Supplied data section start

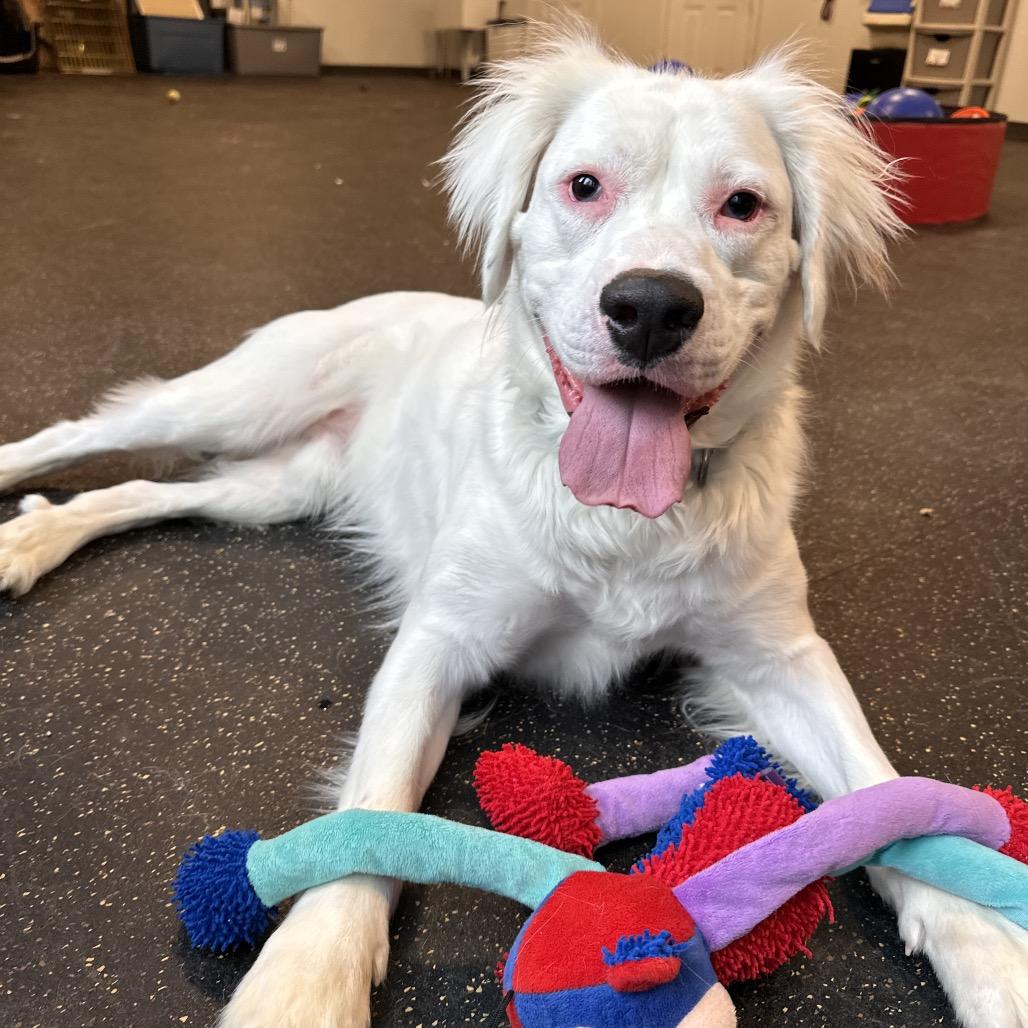 Kai-Adoption Fee Waived, a Adoptable Mixed Breed in Conway, NH image 4/6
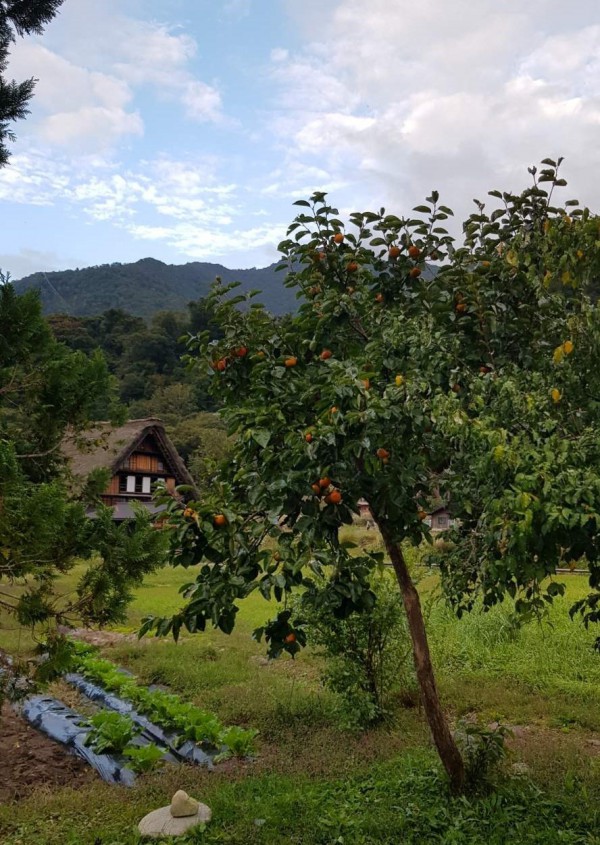 Nơi 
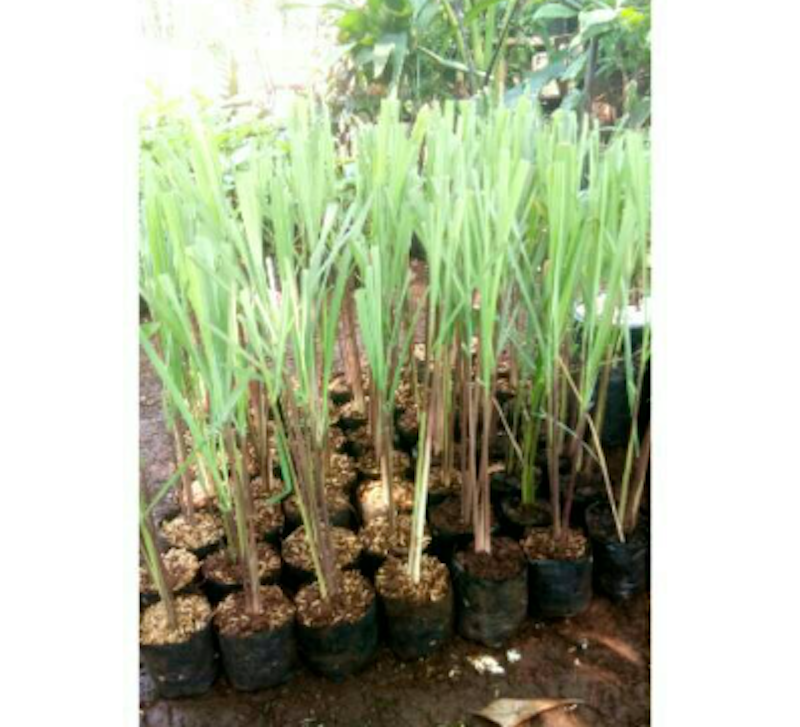 Tanaman Serai Wangi 4
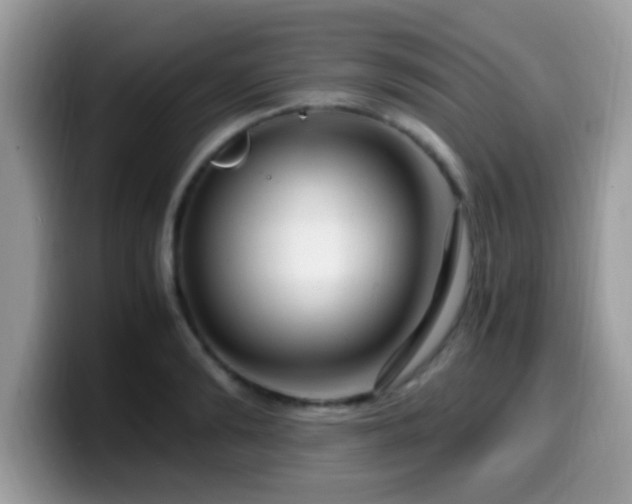 X0000099990894200805301411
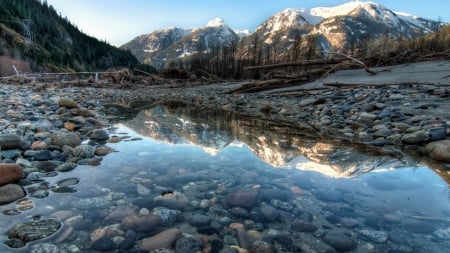 stone filled pool of water - logs, water, pool, mountains, reflection, stones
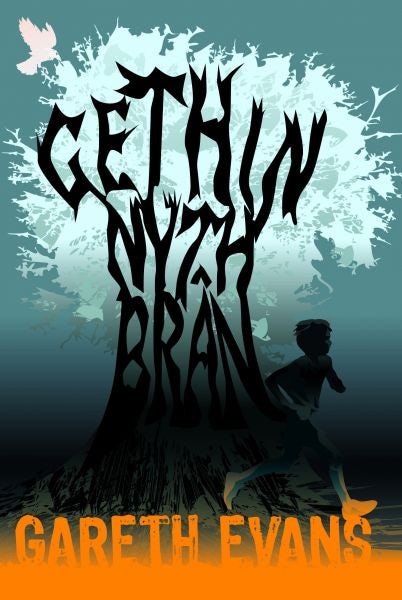 Cover image for Gethin Nyth Brân, isbn: 9781845277574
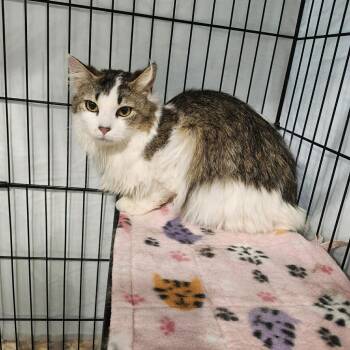 Sunshine -  Domestic Long Hair Cat for Adoption in Hammond, Indiana - Sunshine | PetCurious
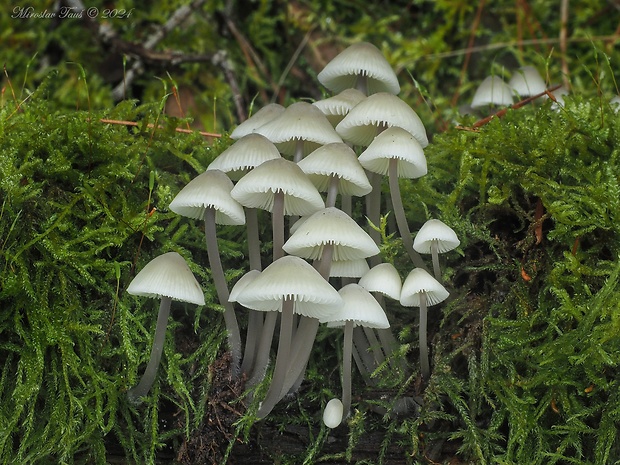 prilbička olivovožltá Mycena arcangeliana Bres.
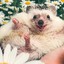 Hedgehoot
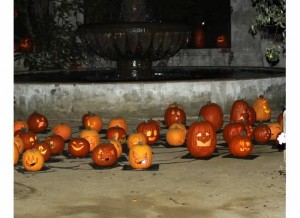 Cluster o' pumpkins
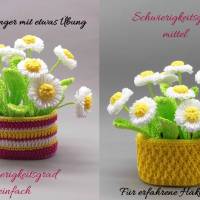 Häkelanleitung Blumen-Dekoration Gänseblümchen im Topf - einfach & vielseitig aus Wollresten Bild 6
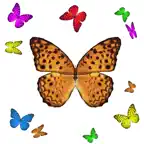 1001 Butterflies iOS Icon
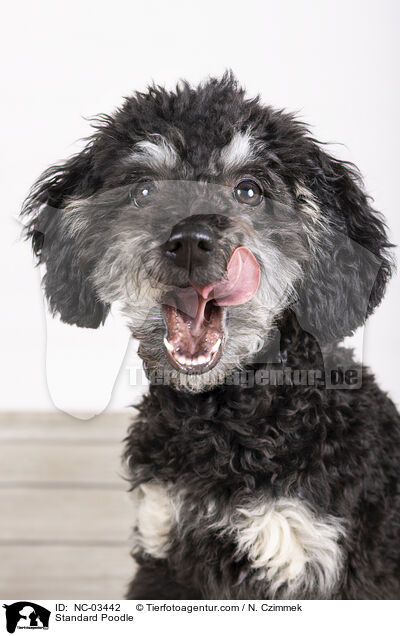 Kleinpudel / Standard Poodle / NC-03442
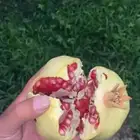 شتلات رمان بيده الفاخر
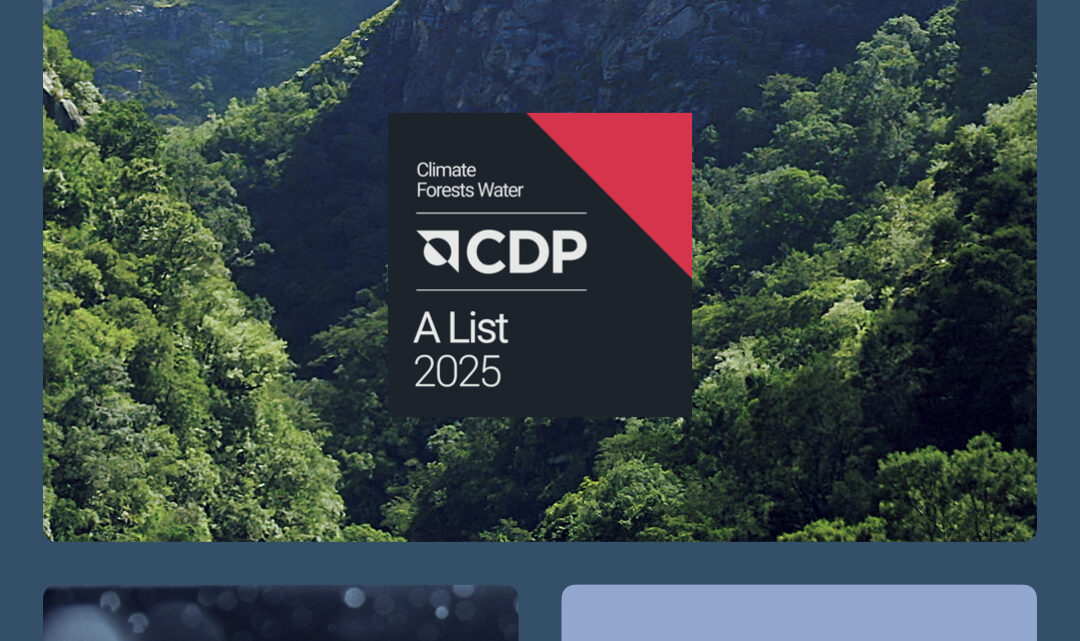 RECONOCIDA POR DÉCIMA VEZ CON LA CALIFICACIÓN AAA DE CDP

Supplied data section end

◆ Problem to work on:
In your reply, every line of the material should appear exactly as written, and no picture should.

◆ Exercise output:
 Kai-Adoption Fee Waived, a Adoptable Mixed Breed in Conway, NH image 4/6
 Nơi 
 Tanaman Serai Wangi 4
 X0000099990894200805301411
 stone filled pool of water - logs, water, pool, mountains, reflection, stones
 Cover image for Gethin Nyth Brân, isbn: 9781845277574
 Sunshine -  Domestic Long Hair Cat for Adoption in Hammond, Indiana - Sunshine | PetCurious
 prilbička olivovožltá Mycena arcangeliana Bres.
 Hedgehoot
 Cluster o' pumpkins
 Häkelanleitung Blumen-Dekoration Gänseblümchen im Topf - einfach & vielseitig aus Wollresten Bild 6
 1001 Butterflies iOS Icon
 Kleinpudel / Standard Poodle / NC-03442
 شتلات رمان بيده الفاخر
 RECONOCIDA POR DÉCIMA VEZ CON LA CALIFICACIÓN AAA DE CDP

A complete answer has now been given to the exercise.